Past the emotion of gun violence
Since the Florida high school shooting, I have sat by while the understandable emotional outpouring for gun control has commandeered the Eagle’s Letters section.
Perhaps post-emotional, knee-jerk reflection, I can now raise some important rational questions that gun-control advocates failed to consider in their frustrated, passionate pleas.
First, there are conservatively estimated at least 200 million firearms in civilian circulation already and that anyone willing to commit mass murder could easily steal or buy a gun on the black market, even if there was not another single firearm sold in the United States.
Second, I remember in second grade having to stand against the wall because a single student had done some minor offense. Even as a second grader, I understood that punishing everyone for the mistakes of another is morally unjust.
Third, I would argue that there is a single element that unites mass shooters. I would argue all of them lacked a fulfilling romantic relationship with a significant other.

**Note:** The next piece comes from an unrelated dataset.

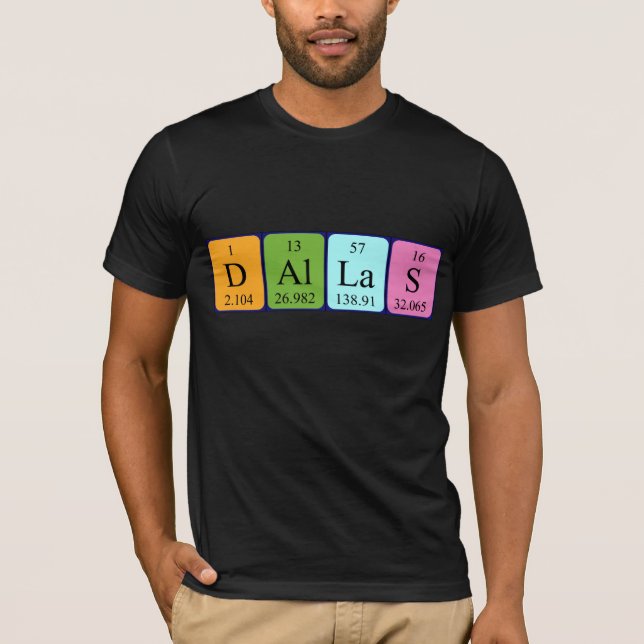 Camisa de nome de mesa periódica Dallas (Frente)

Fourth, the leading motivation was their desire to see their name embellished by, “What we know so far about.”
John Williamson, Wichita
Debating Kansas’ water plans
Candidates during their 2018 political campaigns for Kansas governor and House of Representatives need to factually debate funding of the Kansas Water Plan projects. The 2018 Legislature continued years of grossly underfunding the projects as unresolved water issues continue to increase.
Kansas voters can stimulate debate by reminding candidates of the state’s long-term water vision: “Kansans act on a shared commitment to have the water resources necessary to support the state’s social, economic and natural resource needs for current and future generations.” To realize the vision and to enable the 14 regions in Kansas to achieve their vision-supporting water goals, the candidates need to “act on a shared commitment” to obtain adequate, stable, and long-term funding of Water Plan projects.

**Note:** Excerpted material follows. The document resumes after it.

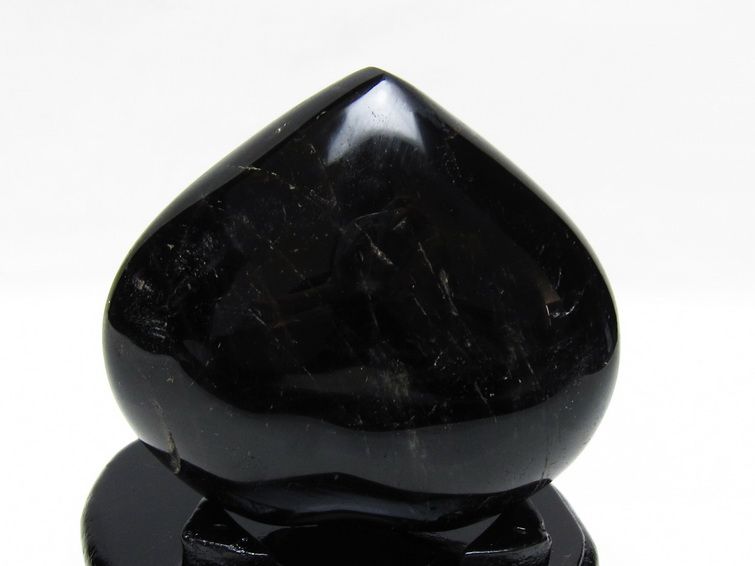 モリオン 置物 黒水晶 ハート 台座付属 一点物 155-1059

Kansas water right holders have historically extracted free raw fresh water from Kansas lakes, reservoirs, rivers, and aquifers. The annual $55 million to pay for the Plan projects that realizes the Vision can also be obtained by water right holders paying a fee for extracting water. Owners have paid a Kansas fee to extract crude petroleum and natural gas for years.
Kansas voters can act on their “shared commitment” by requesting candidates to debate $55 million funding of Plan projects.